* EXERCISE GOAL
An exact copy of all the data, minus the images, is required.

* DATA SEGMENT
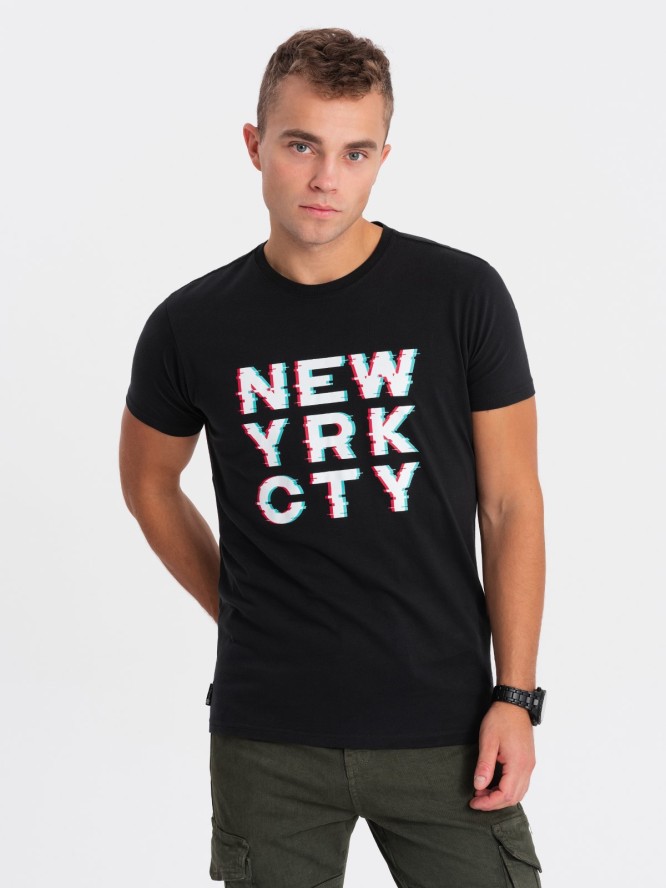 T-shirt męski bawełniany z nadrukiem - czarny V1 OM-TSPT-0162 - XXL
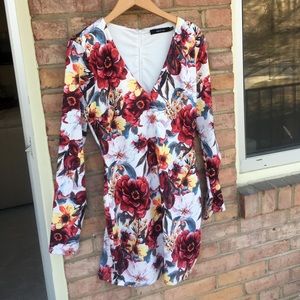 ark & co floral print v-neck long sleeve dress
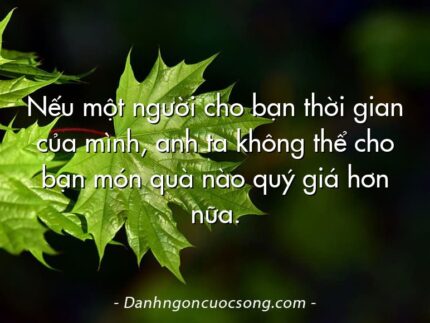 Nếu một người cho bạn thời gian của mình, anh ta không thể cho bạn món quà nào quý giá hơn nữa.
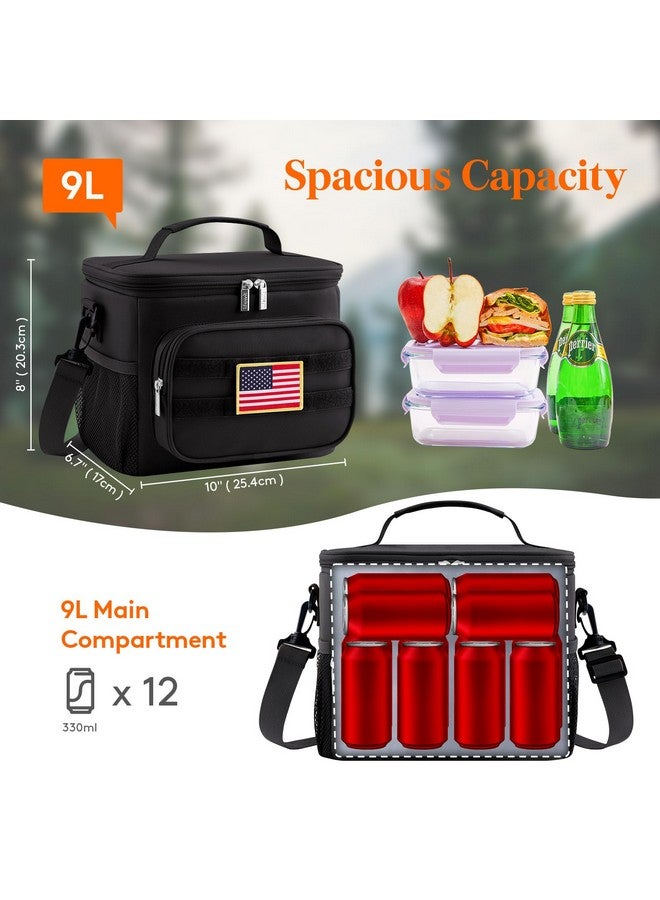 Lifewit Lifewit Tactical Lunch Box for Men, Insulated Lunch Bag, 9L 12Can, Black  - Image 3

* ANSWER SPACE
 T-shirt męski bawełniany z nadrukiem - czarny V1 OM-TSPT-0162 - XXL
 ark & co floral print v-neck long sleeve dress
 Nếu một người cho bạn thời gian của mình, anh ta không thể cho bạn món quà nào quý giá hơn nữa.
 Lifewit Lifewit Tactical Lunch Box for Men, Insulated Lunch Bag, 9L 12Can, Black  - Image 3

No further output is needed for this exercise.